> EXERCISE GOAL
Retype the records below exactly as they stand, omitting the pictures.

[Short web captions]
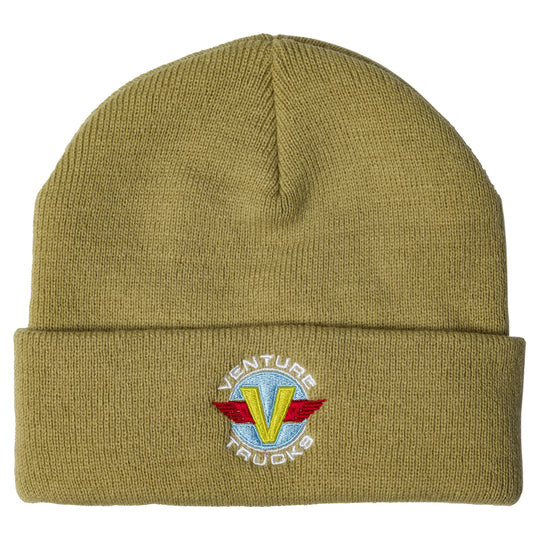 Venture Wings Cuff Beanie Tan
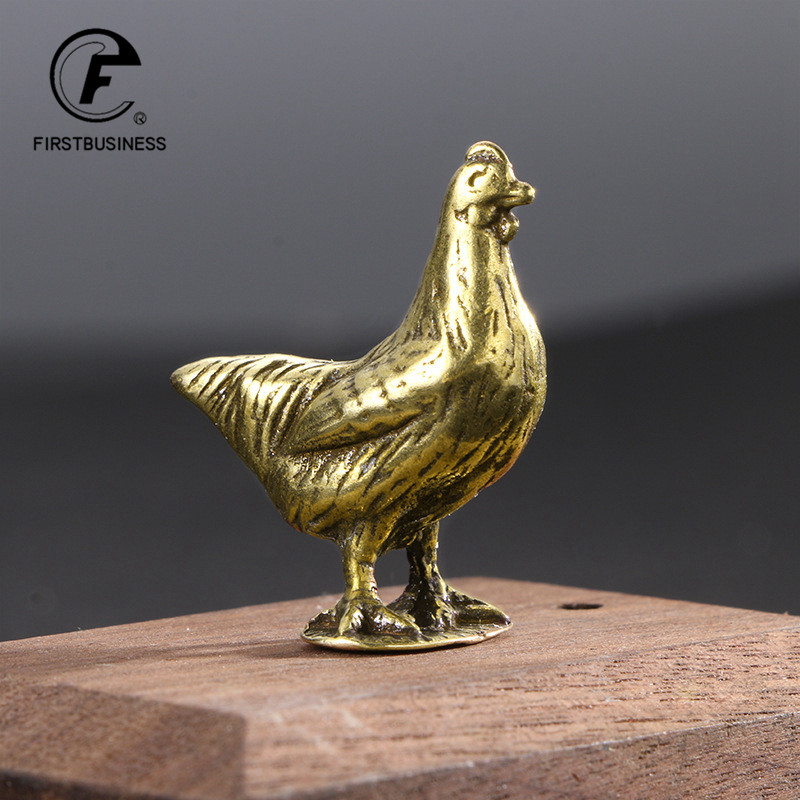 Solid Brass Animal Hen Figurin - Tv Art And Craft recension och pris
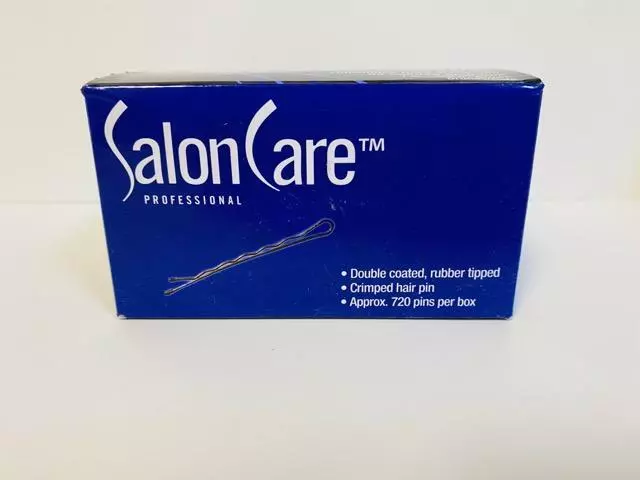 Salon Care Supreme Bobby Pins - Brown 1 lb Box Apprx 720 Per Box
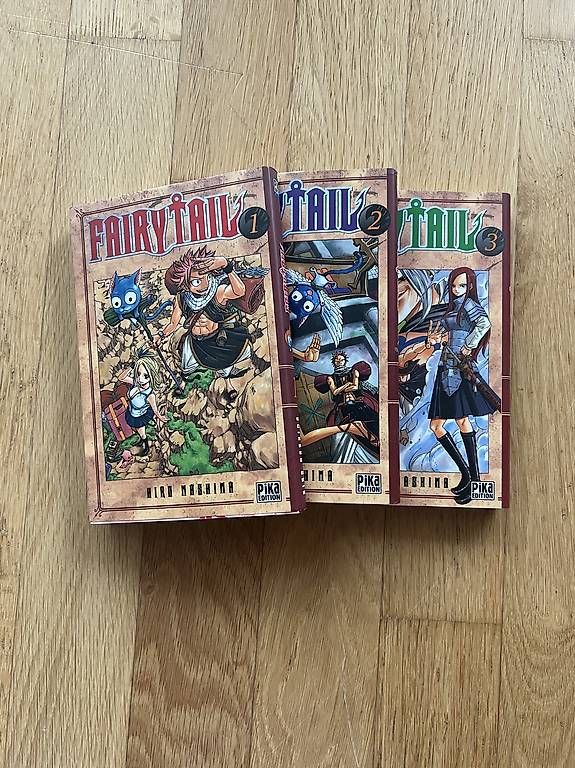 Comics: Fairy Tail tome 1-3 – Gebraucht aus La Tour-de-Peilz von Nartan
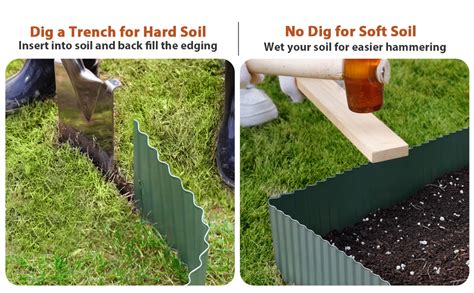 corrugated landscape edging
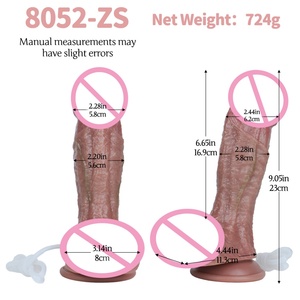 5.8cm Thick Silicone Squirting <b>Dildo</b> With Suction Cup Soft Realistic Ejaculation Anal Plug Stimulator for Men Women Masturbation - Product Image 6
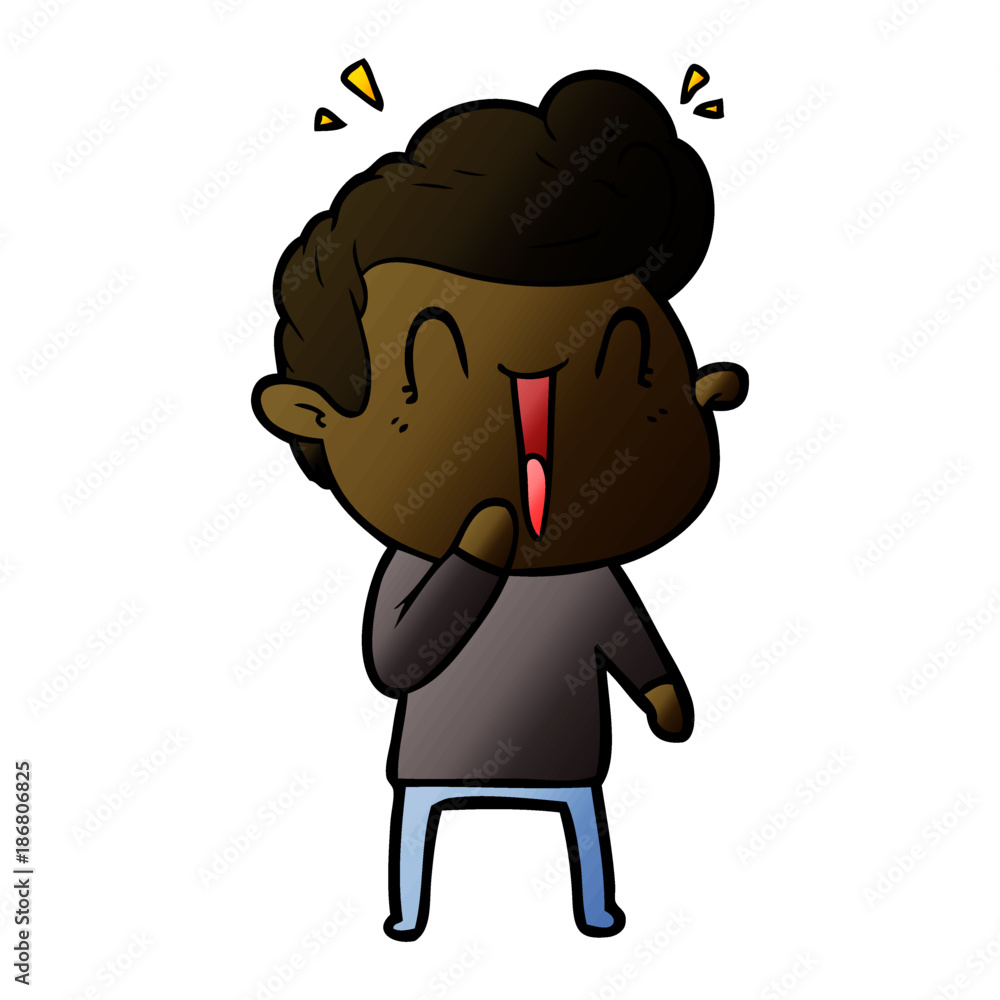 cartoon excited man cartoon excited man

> OUTPUT OF THE EXERCISE
 Venture Wings Cuff Beanie Tan
 Solid Brass Animal Hen Figurin - Tv Art And Craft recension och pris
 Salon Care Supreme Bobby Pins - Brown 1 lb Box Apprx 720 Per Box
 Comics: Fairy Tail tome 1-3 – Gebraucht aus La Tour-de-Peilz von Nartan
 corrugated landscape edging
 5.8cm Thick Silicone Squirting <b>Dildo</b> With Suction Cup Soft Realistic Ejaculation Anal Plug Stimulator for Men Women Masturbation - Product Image 6
 cartoon excited man cartoon excited man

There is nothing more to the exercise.